State of Data Last Week – Oct 23
October 23, 2010 Leave a comment
<Analysis> Have diminishing returns set in to investments in higher education? Somewhat counter-intuitive analysis of BLS data thinks so.
<API> Nasdaq releases on-demand historical stock data – nice way to test trading algorithms with accurate, bulk data.
<Architecture> Michael Stonebraker clarifies his position – CAP theorem should not be justification to give up on ACID. Also “rm –rf” type errors cannot be recovered using CAP theorem terms.
<Big Data> Showing off? Average Hadoop cluster has 66 nodes and 114TB data. Ebay has 8500 nodes, 2PB.
<Learning> Cary Milsap continues his “Thinking Clearly about Performance” in ACM – should you open the window (global stuff) or take off your heavy sweater (local)?
<Visualization> Hipmunk visuals for Airline reservation – available flights are aggregated over a single chart, and default-sorted by “agony” (price; duration; layover; red-eye).

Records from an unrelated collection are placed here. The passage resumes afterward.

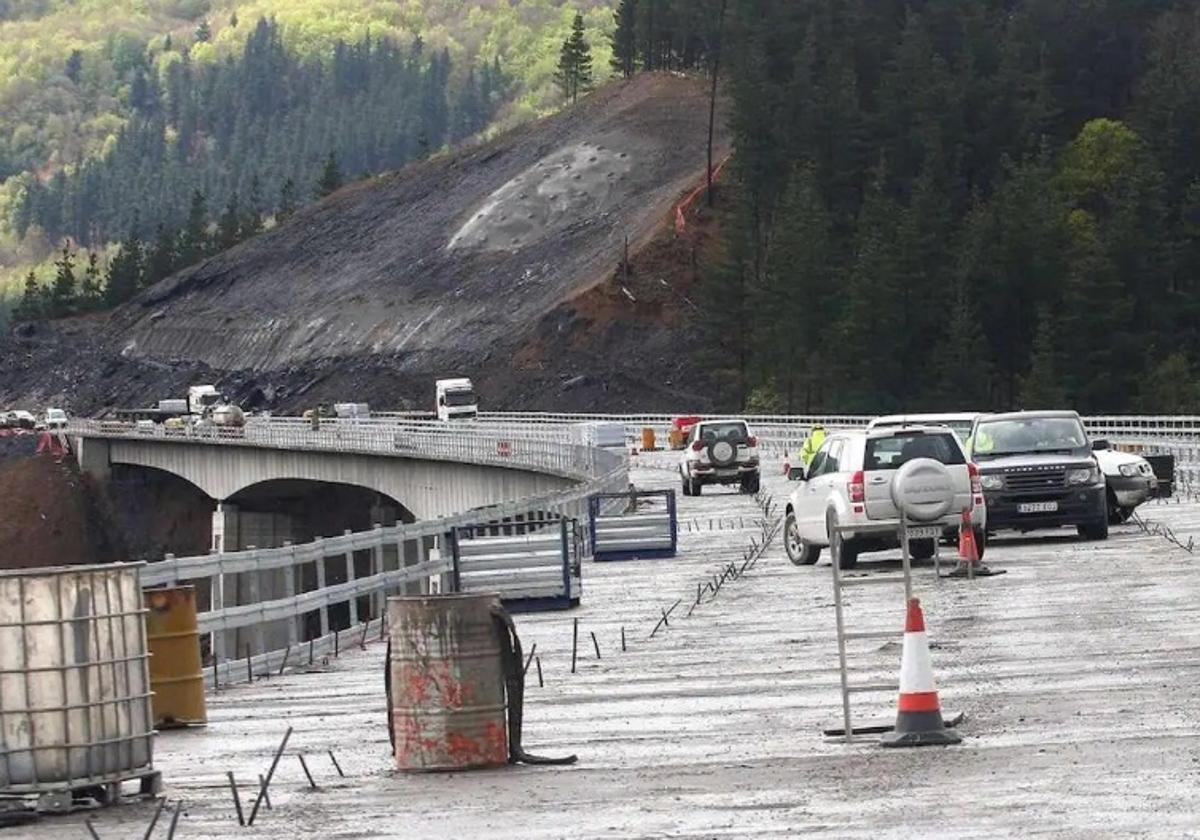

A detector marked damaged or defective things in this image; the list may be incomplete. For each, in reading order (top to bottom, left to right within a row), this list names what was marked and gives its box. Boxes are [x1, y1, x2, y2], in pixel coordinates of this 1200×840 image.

rusty metal barrel [145, 583, 208, 729]
rusty metal barrel [386, 592, 508, 772] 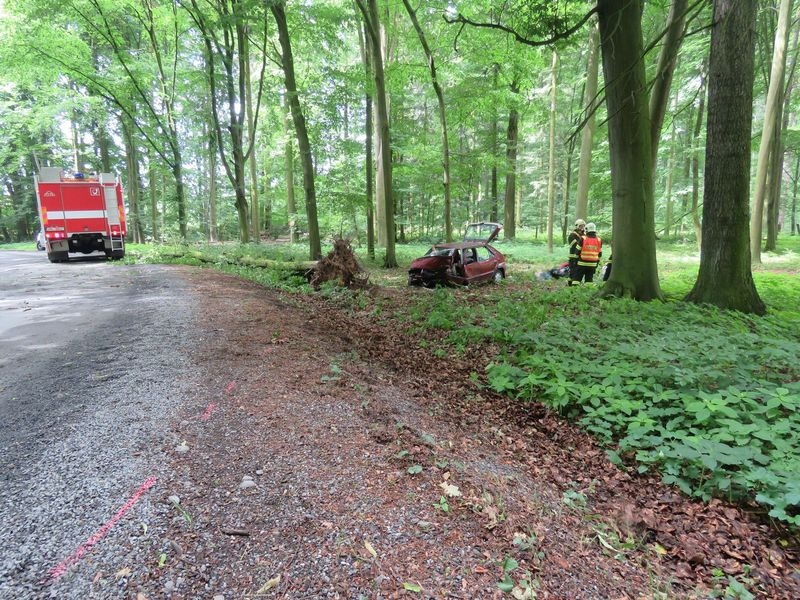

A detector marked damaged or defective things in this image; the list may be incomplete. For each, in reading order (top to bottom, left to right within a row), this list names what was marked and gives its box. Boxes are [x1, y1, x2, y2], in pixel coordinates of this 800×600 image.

crashed red car [410, 223, 504, 288]
damaged vehicle [410, 223, 504, 288]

- Two sides of reference – WikiPedia puts ZERO tracking file in your computer; dictionary.com puts 234 cookies / beacons
- REST service API is steadily winning the API war over SOAP. 74% of most popular 2000 Web APIs are now in REST protocol.
- Why having a house numbered < 31 (or, digits adding up to 6) could sell earlier – many unwillingly get ‘nudged’ to live in a house numbered after birth / wedding anniversary.
- Using auto-increment / serial numbers for entities is a standard practice in modeling. It could also give away a lot of secrets; like, estimating iPhone sales; or help statisticians win (real) wars.